MEMORANDUM FINDINGS OF FACT AND OPINION
JACOBS, Judge: By separate notices of deficiency, respondent determined the following deficiencies, addition, and accuracy-related penalties with respect to petitioner's Federal income taxes:
Unless otherwise indicated, all section references are to the Internal Revenue Code for the years under consideration. All Rule references are to the Tax Court Rules of Practice and Procedure.
These cases were consolidated for trial, briefing, and opinion.
Following concessions by respondent, the issue remaining for decision concerns the characterization (alimony, as respondent contends, or a property settlement, as petitioner contends) of payments made by petitioner's former husband for the purpose of providing petitioner with an automobile in 1991 and 1994. If the payments are determined to be alimony, then they are taxable to petitioner; if they are determined to be in the nature of a property settlement, then they are nontaxable.
FINDINGS OF FACT
Some of the facts have been stipulated and are found accordingly. The stipulation of facts and the attached exhibits are incorporated herein by this reference.
At the time she filed her petitions, petitioner resided in Monroeville, Pennsylvania.
Petitioner and John G. Rangos were married in 1957; on February 10, 1972, they divorced.
On January 2, 1972, petitioner and Mr. Rangos executed a separation agreement (the Agreement), which among other matters: (1) Settled their mutual property rights; (2) provided for the support and custody of their then-minor children; and (3) provided for the support of, and alimony to, petitioner. The Agreement stated in pertinent part:
FOURTH : Simultaneously with the execution and delivery of this Agreement, the Wife shall execute and deliver an Assignment and Quitclaim for all of her right, title and interest in and to any and all shares of corporate stock owned by the Husband.
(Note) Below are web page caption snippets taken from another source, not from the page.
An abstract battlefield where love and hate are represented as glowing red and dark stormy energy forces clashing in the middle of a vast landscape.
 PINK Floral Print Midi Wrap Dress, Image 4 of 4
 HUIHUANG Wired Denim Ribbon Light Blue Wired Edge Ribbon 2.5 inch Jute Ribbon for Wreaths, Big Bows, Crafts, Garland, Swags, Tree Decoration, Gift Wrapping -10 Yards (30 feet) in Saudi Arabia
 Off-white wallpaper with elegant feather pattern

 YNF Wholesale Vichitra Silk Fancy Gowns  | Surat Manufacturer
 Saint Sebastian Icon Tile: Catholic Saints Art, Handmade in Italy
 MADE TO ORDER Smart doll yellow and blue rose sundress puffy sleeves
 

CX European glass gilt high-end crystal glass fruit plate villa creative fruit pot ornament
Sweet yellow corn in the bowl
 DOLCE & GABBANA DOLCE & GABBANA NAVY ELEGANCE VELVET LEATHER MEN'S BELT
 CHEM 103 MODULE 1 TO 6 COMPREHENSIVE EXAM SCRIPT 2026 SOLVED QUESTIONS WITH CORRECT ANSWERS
In addition thereto the Wife shall execute and deliver to the Husband an Assignment and Quitclaim of all of her right, title and interest in and to any other businesses or business interests in which the Husband may have any type ownership whatsoever.
FIFTH : Simultaneously with the execution and delivery of this Agreement, the Wife shall execute and deliver to the Husband a Quitclaim Deed for all her right, title and interest in and to any and all real estate owned by the Husband and Wife wherever the same may be situate [sic].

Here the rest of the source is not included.